Par ailleurs, comme je l'écris depuis maintenant plusieurs années, il est à présent urgent de mettre sur pied un véritable système de gouvernance mondiale dotés de moyens politiques, juridiques et économiques contraignants et suffisamment puissants pour pouvoir mettre en oeuvre sans tarder les mesures drastiques qui vont devoir être prises au niveau planétaire pour tenter, s'il est encore temps, d'éviter une catastrophe écologique d'une ampleur sans précédent et dont nous ne pouvons même pas imaginer toutes les conséquences dévastatrices. Il est notamment urgent de mettre en place, comme le propose Wilson, un groupe d'expertise intergouvernemental capable de fournir une information incontestable et d'aiguillonner les Etats. A cet égard, il faut s'inspirer des travaux du groupe intergouvernemental sur l'évolution du climat qui ont permis de parvenir à un consensus scientifique sur la réalité et la portée du réchauffement climatique.

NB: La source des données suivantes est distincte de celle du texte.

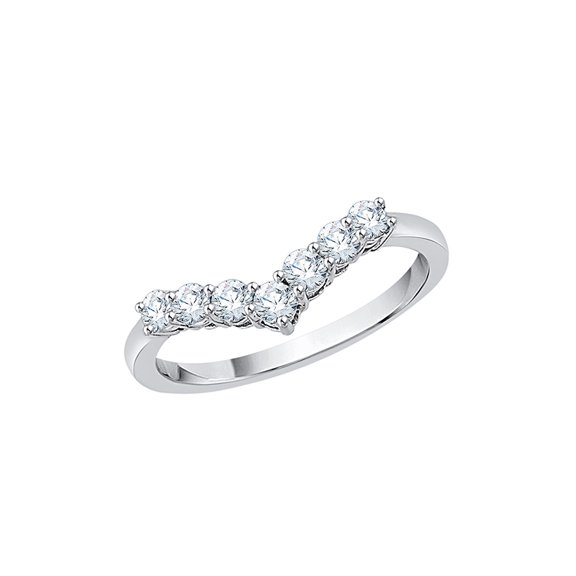 Diamond Wedding Band in 10K White Gold (1/2 cttw) (I-Color, SI3-I1 Clarity) (Size-7.5)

Grisée par deux siècles d'extraordinaires progrès scientifiques et techniques, l'humanité est en train de réaliser avec stupeur que, si elle a besoin de la nature, celle-ci n'a pas besoin de nous et pourrait à brève échéance nous rendre la vie insupportable si nous ne modifions pas radicalement l'organisation et le fonctionnement de notre civilisation techno-industrielle. Cette nécessaire mais douloureuse réconciliation avec la nature ne sera pas seulement politique, économique et scientifique, mais aussi métaphysique et éthique. Depuis près de quatre siècles, dans notre civilisation occidentale, l'homme s'est conçu comme extérieur et étranger à la nature. Il a dès lors considéré qu'il n'avait vis à vis de la nature que des droits et aucun devoir, ni aucune responsabilité, et qu'il pouvait exploiter et détruire son environnement pour son seul profit.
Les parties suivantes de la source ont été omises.